Yeah I can appreciate the usefulness of runtime configuration for packaging, tooling, and when starting out. The added flexibility and ability to build and experiment quickly is an important aspect of ROS in my opinion. Where I think things could be improved is streamlining the ability to lock in your system once you’ve sorted out what you’re building.

I think how the RMWs are handled is actually a really good example of this. Out of the box the RMW provides a shim that loads your target RMW at run time. Once you’ve figured out the RMW that makes sense you can drop the shim and link against your RMW of choice directly (statically or dynamically). The typesupport situation on the other hand generates a shim that you can’t really work around, and if you end up wanting to put together a system that requires multi type support you’re out of luck for static linking.

Really when it comes to core libraries though as long as you stick to a single typesupport getting static linking working isn’t too bad. I’d like to see that use case continue to be supported, at least for packages used when deploying. Tooling that isn’t run directly on the bot during operation is far less critical in my view.
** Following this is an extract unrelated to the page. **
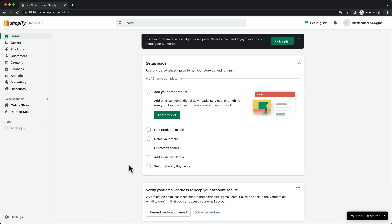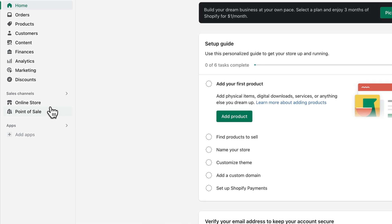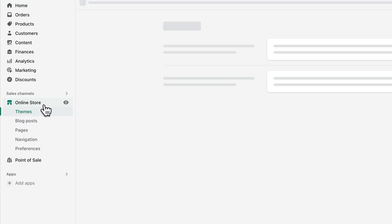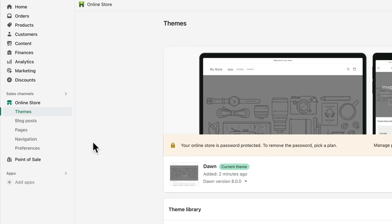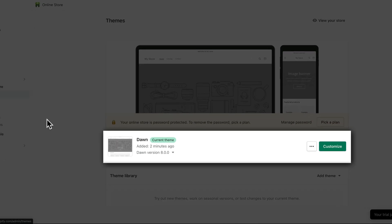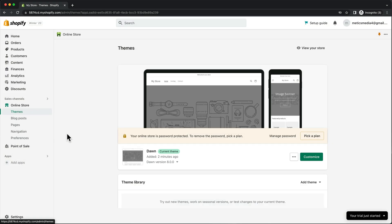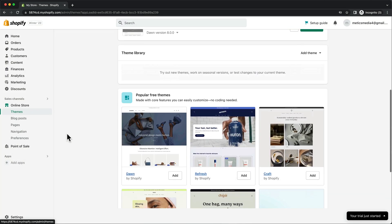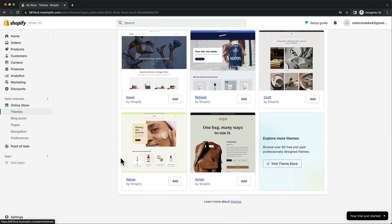So let's start by choosing a store theme. On the left side menu, click on online store and then on themes. Currently the default theme of Shopify is the Dawn theme, which is not bad, but for this store I'm actually going to choose a different one. So let's scroll down and click on visit theme store.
The typesupport situation on the other hand generates a shim that you can’t really work around, and if you end up wanting to put together a system that requires multi type support you’re out of luck for static linking.

For C++ application, this isn’t necessarily true so long as you don’t want to use GenericSubscription/GenericPublisher. It’s already required to link against the shim library for each message type that your application needs to use, so also linking against the RMW-specific typesupport library wouldn’t be much of a stretch (or just linking the typesupport library directly into the shim).